Blood, Soil and the Blues

There are two axioms in life of which I am sure.

There are two axioms in life of which I am sure. One is derived from the gospel of John and the other from the late member of Congress Thomas "Tip" O’Neill. They are as follows: Truth is incarnate. And all politics are local. Applied to the arts, these lead to a corollary. Art that aspires to be universal must be supremely specific, detailed, and rooted in a particular place and time.

And that brings me to the art that speaks the universe from the particular red dirt of the North Mississippi hills. I’m not talking about Faulkner (though I could be). I’m talking about the North Mississippi Allstars, the center of a blues-rock cult that started down here in the late 1990s and is, like kudzu, slowly headed your way.

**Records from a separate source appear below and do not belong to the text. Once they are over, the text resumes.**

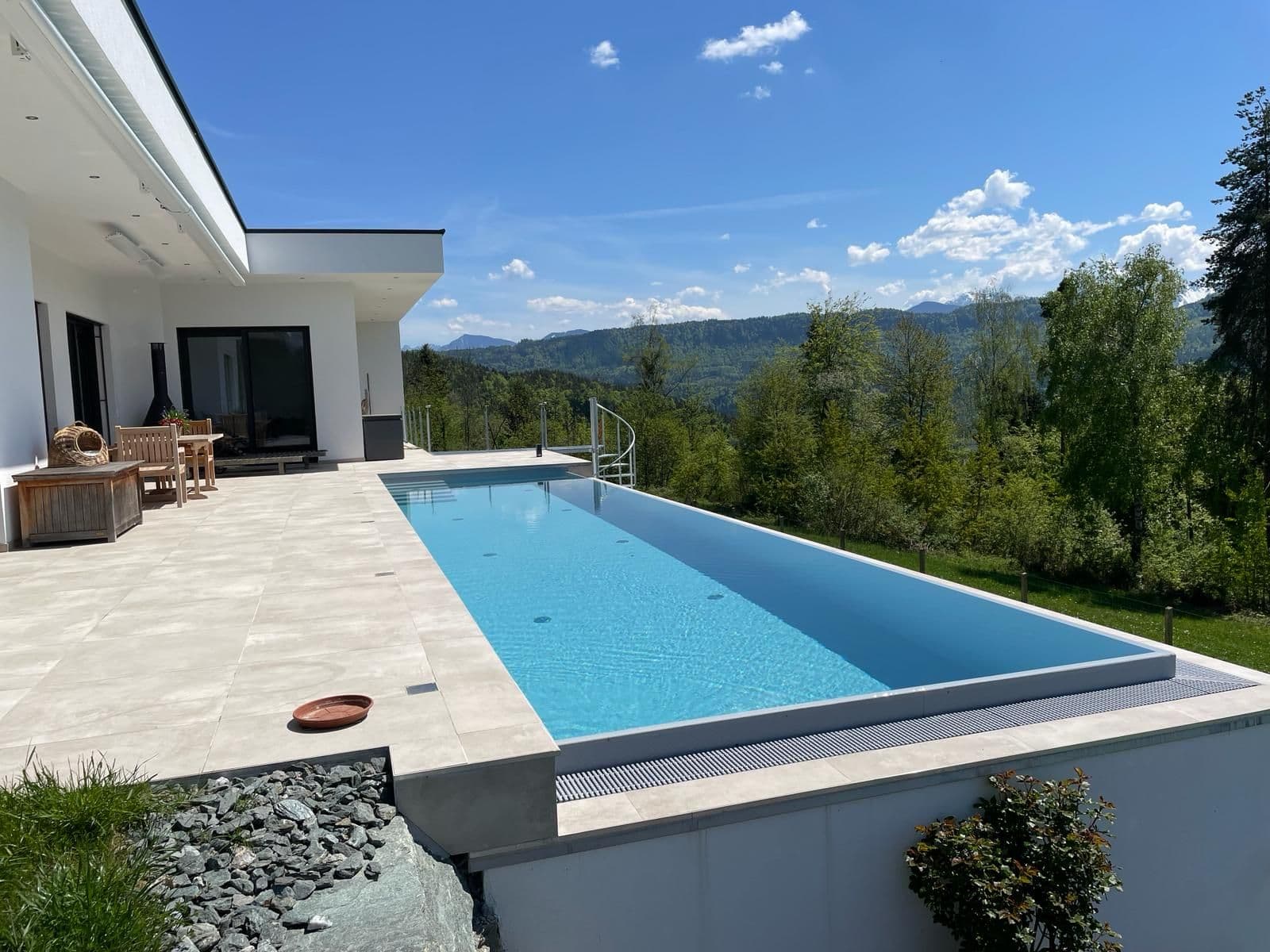 Infinity-Pool auf der Terrasse eines modernen Hauses mit Blick in die Landschaft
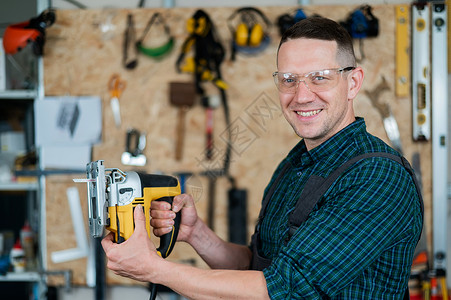 一名男子在车间用电锯锯木头的肖像锯末拼图作坊材料木工机器手工职场工具工匠木板高清图片素材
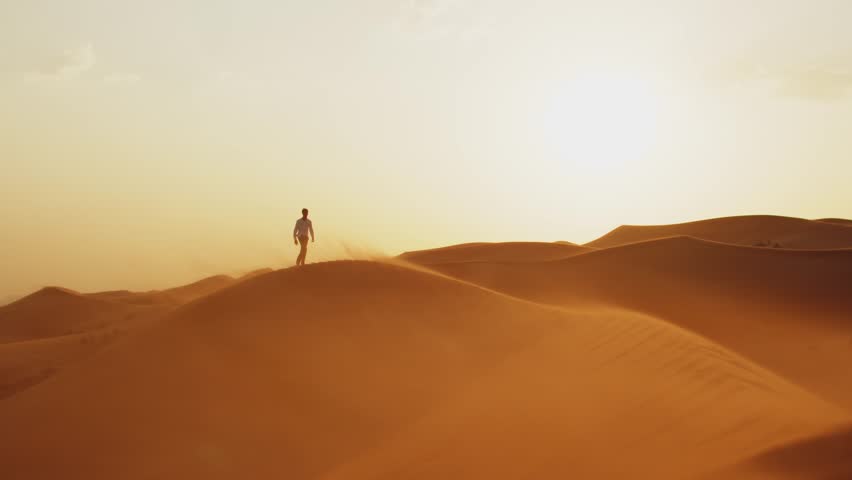 Slow motion video: Silhouette of a human walking on the sands in the desert in windy weather while sunrise.  Young man in stylish clothes walks barefoot on the sand dunes in the desert at sunset. 
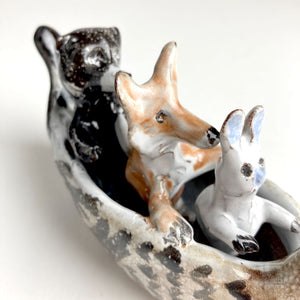Rabbit, Wolf, and Bear in Duck Canoe by Aaron Murray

Kudzu, for my more provincial and ill-informed readers, is the Japanese vine that was imported to the Southern hill country for erosion control and proceeded to take over everything in its path - trees, abandoned houses, and, legend has it, slow-moving cows. It actually can grow up to a foot per day. It is a wild, hardy, hot-weather plant, and, as such, it has become an emblem of the Southern hills.

If you’ve never seen kudzu, but you still want to feel the particular truth of this particular place and learn what it can teach you, you can always read Faulkner. But you can also purchase the North Mississippi Allstars 2004 live album, North Mississippi Hill Country Revue.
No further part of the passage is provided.